The designation, announced Friday by Home Affairs Minister Tony Burke, brings the long-targeted white supremacist network into legal prohibition, with the ban set to enter into force by the end of the same day. The new law, passed by parliament in January 2024, was a direct policy response to a deadly antisemitic attack that left 15 people dead at a Hanukkah gathering on Sydney’s Bondi Beach in December 2023, an act of violence that shocked the nation and spurred urgent legislative action to curtail rising extremism.
Burke emphasized that the group’s attempt to rebrand itself after announcing a voluntary disbandment in January did not erase its extremist character. Even after changing its name, the organization retained its structure and continued to engage in radical, hateful activity that meets the legal threshold for a ban under the new legislation, Burke told reporters in Canberra. “None of this will stop bigoted people from holding horrific ideologies,” Burke noted. “But it does prevent this group from organizing, from meeting, and prevents some of the sorts of horrific bigoted rallies that we’ve seen around our country.”
Under the terms of the ban, any act of supporting, funding, training for, recruiting to, joining or leading the group — even if it reorganizes under a new name — carries a maximum penalty of 15 years imprisonment. This landmark legislation fills a critical gap in Australian national security law, allowing authorities to ban hate groups that do not meet the existing legal definition of a terrorist organization, a change widely called for after the Bondi massacre.
The Islamist group Hibzt ut-Tahrir became the first organization banned under the law back in March, and both that group and the National Socialist Network were openly named by policymakers as the primary targets of the legislation from its early drafting stages.
The process for designating a banned hate group follows a clear two-step framework: Australia’s national security intelligence agency ASIO first assesses whether an organization meets the statutory criteria, which include a pattern of violence incitement, engagement in hate crime, and elevated risk of public harm.

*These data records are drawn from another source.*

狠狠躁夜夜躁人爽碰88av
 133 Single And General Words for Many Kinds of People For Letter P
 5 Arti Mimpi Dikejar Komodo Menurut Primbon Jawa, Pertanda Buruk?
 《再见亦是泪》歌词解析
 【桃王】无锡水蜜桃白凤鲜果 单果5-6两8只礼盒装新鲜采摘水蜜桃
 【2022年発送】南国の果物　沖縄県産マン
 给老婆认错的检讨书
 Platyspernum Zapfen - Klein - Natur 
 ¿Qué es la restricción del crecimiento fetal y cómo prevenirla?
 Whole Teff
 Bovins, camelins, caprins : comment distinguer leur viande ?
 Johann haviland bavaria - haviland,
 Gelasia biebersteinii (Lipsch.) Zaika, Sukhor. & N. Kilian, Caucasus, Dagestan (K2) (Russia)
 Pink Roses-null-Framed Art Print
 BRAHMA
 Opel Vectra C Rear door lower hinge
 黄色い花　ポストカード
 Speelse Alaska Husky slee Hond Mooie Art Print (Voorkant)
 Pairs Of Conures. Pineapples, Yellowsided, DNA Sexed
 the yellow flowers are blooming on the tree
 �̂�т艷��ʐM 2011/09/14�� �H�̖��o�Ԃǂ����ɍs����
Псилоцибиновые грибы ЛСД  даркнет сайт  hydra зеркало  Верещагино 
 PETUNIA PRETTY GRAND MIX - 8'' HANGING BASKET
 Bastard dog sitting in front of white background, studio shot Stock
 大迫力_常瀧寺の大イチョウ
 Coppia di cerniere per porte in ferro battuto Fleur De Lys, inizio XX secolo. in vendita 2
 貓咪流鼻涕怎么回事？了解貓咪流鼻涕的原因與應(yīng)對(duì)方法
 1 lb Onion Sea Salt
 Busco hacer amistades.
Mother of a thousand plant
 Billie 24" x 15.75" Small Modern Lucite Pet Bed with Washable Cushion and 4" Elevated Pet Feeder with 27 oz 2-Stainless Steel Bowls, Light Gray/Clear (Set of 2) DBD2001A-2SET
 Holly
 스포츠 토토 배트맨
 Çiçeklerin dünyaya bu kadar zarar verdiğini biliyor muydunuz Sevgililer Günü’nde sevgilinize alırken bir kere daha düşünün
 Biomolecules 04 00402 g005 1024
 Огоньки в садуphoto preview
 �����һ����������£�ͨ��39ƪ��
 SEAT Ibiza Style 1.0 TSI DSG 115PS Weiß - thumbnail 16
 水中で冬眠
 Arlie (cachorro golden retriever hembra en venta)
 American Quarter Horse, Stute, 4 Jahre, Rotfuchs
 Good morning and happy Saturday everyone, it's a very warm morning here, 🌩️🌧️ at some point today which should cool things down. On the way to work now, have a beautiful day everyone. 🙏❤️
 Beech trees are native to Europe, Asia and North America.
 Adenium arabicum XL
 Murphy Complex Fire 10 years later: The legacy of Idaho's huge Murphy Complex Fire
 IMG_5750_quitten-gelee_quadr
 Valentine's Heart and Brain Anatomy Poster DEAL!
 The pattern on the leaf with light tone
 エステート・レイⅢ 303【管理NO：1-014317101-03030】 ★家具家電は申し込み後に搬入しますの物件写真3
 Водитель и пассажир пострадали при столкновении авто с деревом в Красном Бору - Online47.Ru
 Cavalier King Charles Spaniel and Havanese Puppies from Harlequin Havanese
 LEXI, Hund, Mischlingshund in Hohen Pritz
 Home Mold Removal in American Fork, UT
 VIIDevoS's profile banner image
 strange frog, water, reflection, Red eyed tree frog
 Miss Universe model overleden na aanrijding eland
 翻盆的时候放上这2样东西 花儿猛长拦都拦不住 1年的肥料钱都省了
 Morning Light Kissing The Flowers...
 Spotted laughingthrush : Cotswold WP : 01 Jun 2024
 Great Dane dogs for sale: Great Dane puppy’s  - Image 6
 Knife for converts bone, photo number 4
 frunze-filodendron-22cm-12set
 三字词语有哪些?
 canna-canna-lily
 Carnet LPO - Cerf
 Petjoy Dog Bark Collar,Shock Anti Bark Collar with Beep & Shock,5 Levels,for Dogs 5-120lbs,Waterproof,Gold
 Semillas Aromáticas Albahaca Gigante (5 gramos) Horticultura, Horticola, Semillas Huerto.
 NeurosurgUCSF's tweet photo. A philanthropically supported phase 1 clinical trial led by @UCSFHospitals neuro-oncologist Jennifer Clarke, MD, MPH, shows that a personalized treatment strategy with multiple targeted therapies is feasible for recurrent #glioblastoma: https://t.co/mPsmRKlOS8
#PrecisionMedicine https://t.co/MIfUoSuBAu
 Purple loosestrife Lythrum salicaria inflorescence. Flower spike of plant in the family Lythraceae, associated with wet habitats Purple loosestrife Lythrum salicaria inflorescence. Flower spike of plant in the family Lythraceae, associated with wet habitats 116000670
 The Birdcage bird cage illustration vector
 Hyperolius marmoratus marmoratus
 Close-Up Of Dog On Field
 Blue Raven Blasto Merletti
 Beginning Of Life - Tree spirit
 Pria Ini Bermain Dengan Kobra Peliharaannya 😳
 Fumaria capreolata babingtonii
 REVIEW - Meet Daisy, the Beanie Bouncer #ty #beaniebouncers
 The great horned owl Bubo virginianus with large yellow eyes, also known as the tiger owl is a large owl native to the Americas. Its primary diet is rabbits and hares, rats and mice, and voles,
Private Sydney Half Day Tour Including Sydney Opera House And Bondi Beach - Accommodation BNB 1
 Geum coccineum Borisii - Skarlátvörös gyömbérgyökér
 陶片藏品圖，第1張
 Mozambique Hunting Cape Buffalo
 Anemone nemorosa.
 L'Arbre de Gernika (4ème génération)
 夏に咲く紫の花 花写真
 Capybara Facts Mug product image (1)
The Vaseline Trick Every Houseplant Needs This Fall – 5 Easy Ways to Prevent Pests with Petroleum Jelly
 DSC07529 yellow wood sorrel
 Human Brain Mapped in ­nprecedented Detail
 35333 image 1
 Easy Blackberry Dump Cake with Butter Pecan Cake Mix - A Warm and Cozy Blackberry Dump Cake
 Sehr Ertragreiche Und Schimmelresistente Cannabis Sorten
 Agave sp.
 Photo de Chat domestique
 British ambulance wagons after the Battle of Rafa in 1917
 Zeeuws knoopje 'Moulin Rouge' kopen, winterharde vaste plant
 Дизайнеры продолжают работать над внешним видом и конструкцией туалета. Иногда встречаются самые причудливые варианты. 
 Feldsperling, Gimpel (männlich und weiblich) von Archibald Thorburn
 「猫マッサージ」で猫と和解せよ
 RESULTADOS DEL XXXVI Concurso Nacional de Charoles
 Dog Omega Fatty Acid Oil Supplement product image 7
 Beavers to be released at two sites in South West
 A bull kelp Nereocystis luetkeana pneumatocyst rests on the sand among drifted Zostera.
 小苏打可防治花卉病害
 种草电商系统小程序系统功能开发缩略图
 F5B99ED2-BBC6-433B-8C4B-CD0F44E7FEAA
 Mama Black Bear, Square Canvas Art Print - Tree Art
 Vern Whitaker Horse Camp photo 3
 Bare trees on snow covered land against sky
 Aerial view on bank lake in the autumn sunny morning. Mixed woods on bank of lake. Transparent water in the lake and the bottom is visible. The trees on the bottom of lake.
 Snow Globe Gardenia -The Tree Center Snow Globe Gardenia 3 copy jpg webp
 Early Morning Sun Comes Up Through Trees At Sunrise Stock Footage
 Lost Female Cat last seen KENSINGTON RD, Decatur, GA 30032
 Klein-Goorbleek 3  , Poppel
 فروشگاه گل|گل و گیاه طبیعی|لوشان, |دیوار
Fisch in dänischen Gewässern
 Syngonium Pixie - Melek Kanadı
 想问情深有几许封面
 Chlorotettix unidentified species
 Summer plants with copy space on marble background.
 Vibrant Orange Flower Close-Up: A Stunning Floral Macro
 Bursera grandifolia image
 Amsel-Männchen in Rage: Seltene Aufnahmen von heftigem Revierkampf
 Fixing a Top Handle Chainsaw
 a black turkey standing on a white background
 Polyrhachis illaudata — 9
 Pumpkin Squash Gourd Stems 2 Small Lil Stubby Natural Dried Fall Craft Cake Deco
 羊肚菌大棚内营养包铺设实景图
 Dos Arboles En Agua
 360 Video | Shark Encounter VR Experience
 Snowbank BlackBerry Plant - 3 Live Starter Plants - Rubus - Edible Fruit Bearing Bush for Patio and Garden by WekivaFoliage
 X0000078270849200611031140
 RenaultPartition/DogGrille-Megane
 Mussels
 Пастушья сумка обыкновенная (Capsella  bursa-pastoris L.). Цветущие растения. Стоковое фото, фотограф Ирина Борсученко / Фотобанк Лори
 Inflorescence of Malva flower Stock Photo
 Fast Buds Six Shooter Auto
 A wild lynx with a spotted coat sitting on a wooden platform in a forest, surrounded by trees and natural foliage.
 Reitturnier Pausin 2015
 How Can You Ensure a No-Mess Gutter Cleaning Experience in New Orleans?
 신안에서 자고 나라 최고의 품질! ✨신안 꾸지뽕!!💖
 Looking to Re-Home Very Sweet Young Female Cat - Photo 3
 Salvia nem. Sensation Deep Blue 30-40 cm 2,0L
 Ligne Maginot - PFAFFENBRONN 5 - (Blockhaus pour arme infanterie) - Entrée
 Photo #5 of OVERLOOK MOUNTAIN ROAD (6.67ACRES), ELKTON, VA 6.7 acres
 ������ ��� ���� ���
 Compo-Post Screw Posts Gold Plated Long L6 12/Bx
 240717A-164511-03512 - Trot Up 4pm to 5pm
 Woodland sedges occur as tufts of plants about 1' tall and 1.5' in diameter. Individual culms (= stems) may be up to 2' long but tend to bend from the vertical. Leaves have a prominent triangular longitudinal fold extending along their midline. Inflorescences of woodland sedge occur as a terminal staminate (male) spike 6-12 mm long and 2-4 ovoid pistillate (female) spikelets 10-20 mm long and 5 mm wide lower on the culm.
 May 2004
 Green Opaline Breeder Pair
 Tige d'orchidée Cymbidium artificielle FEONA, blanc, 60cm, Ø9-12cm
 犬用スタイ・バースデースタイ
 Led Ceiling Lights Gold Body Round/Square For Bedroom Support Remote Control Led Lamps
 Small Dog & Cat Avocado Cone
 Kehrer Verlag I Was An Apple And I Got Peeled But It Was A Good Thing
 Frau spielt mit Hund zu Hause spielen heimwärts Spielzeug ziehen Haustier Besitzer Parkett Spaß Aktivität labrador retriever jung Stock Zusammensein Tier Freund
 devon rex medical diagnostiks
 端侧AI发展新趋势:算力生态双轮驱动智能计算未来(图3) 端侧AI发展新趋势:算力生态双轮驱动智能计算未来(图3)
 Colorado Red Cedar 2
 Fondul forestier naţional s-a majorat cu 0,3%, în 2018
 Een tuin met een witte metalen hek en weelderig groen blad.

The final ban is then approved by a federal government minister.
The announcement comes as the group’s former leader, Thomas Sewell, awaits trial on multiple charges stemming from an alleged attack on an Indigenous protest camp in Melbourne last August. During an anti-immigration rally, a group of black-clad men affiliated with the network stormed the camp, leaving three people injured. Sewell has pleaded not guilty to all five counts against him.
Longstanding connections to transnational white supremacist violence have previously linked Sewell to one of the deadliest far-right attacks in modern history: an independent inquiry into the 2019 Christchurch mosque massacre that killed 51 Muslims in New Zealand found that Sewell attempted to recruit the attack’s perpetrator, Brenton Tarrant, to another Australian white nationalist group two years before the massacre.
Burke rejected the group’s January claim that it would voluntarily disband to avoid member arrests, a announcement first reported by local Australian news outlets via a post on the network’s Telegram channel. He confirmed the federal government is already prepared to face any potential legal challenges from the newly outlawed organization.
The ban on the National Socialist Network is the latest in a series of escalating government actions against far-right extremism and rising antisemitism in Australia. Earlier in 2024, before the Bondi Beach attack, Canberra enacted a nationwide ban on Nazi salutes and the public display of swastikas and other Nazi symbols. That policy was itself a response to a months-long surge in antisemitic criminal activity targeting synagogues, Jewish-owned businesses and Jewish schools in Sydney and Melbourne.